Brandoch Daha waited on the last blunt tooth of rock at the foot of the ice-ridge. “The rest is thine,” he cried to Lord Juss. “I would not that any save thou should tread him first, for he is thy mountain.”

“Without thee I had never won up hither,” answered Juss; “and it is not fitting that I should have that glory to stand first upon the peak when thine was the main achievement. Go thou before.”

“I will not,” said Lord Brandoch Daha. “And it is not so.”

So Juss went forward, smiting with his axe great steps just below the backbone of the ridge on the western side, and Lord Brandoch Daha and Mivarsh Faz followed in the steps.

Presently a wind arose in the unseen spaces of the sky, and tore the mist like a rotten garment. Spears of sunlight blazed through the rifts. Distant sunny lands shimmered in the unimaginable depths to the southward, seen over the crest of a tremendous wall that stood beyond the abyss: a screen of black rock buttresses seamed with a thousand gullies of glistening snow, and crowned as with battlements with a row of mountain peaks, savage and fierce of form, that made the eye blink for their brightness: the lean spires of the summit-ridge of Koshtra Pivrarcha. These, that the Demons had so long looked up to as in distant heaven, now lay beneath their feet. Only the peak they climbed still reared itself above them, clear now and near to view, showing a bare beetling cliff on the northeast, overhung by a cornice of snow. Juss marked the cornice, turned him again to his step-cutting, and in half an hour from the breaking of the clouds stood on that unascended pinnacle, with all earth beneath him.

They went down a few feet on the southern side and sat on some rocks. A fair lake studded with islands lay bosomed in wooded and crag-girt hills at the foot of a deep-cut valley which ran down from the Gates of Zimiamvia. Ailinon and Ashnilan rose near by in the west, with the delicate white peak of Akra Garsh showing between them. Beyond, mountain beyond mountain like the sea.

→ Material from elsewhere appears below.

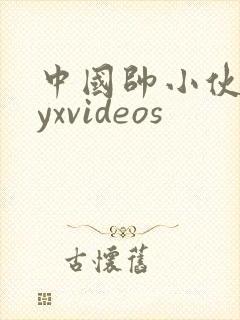 中国帅小伙gayxvideos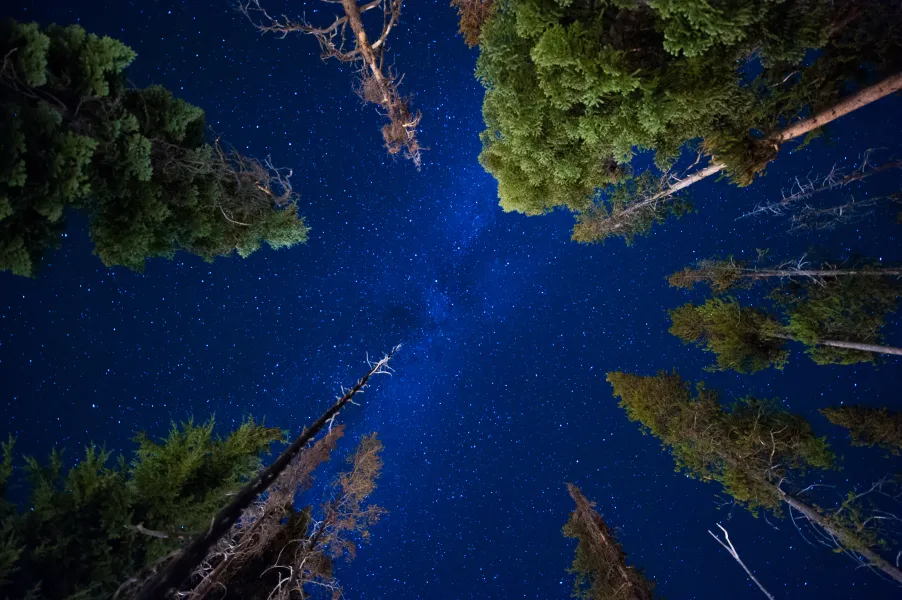 Don't Forget To Look Up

Juss looked southward where the blue land stretched in fold upon fold of rolling country, soft and misty, till it melted in the sky. “Thou and I,” said he, “first of the children of men, now behold with living eyes the fabled land of Zimiamvia. Is that true, thinkest thou, which philosophers tell us of that fortunate land: that no mortal foot may tread it, but the blessed souls do inhabit it of the dead that be departed, even they that were great upon earth and did great deeds when they were living, that scorned not earth and the delights and the glories thereof, and yet did justly and were not dastards nor yet oppressors?”

“Who knoweth?” said Brandoch Daha, resting his chin in his hand and gazing south as in a dream. “Who shall say he knoweth?”

They were silent awhile. Then Juss spake saying, “If thou and I come thither at last, O my friend, shall we remember Demonland?” And when he answered him not, Juss said, “I had rather row on Moonmere under the stars of a summer’s night, than be a King of all the land of Zimiamvia. And I had rather watch the sunrise on the Scarf, than dwell in gladness all my days on an island of that enchanted Lake of Ravary, under Koshtra Belorn.”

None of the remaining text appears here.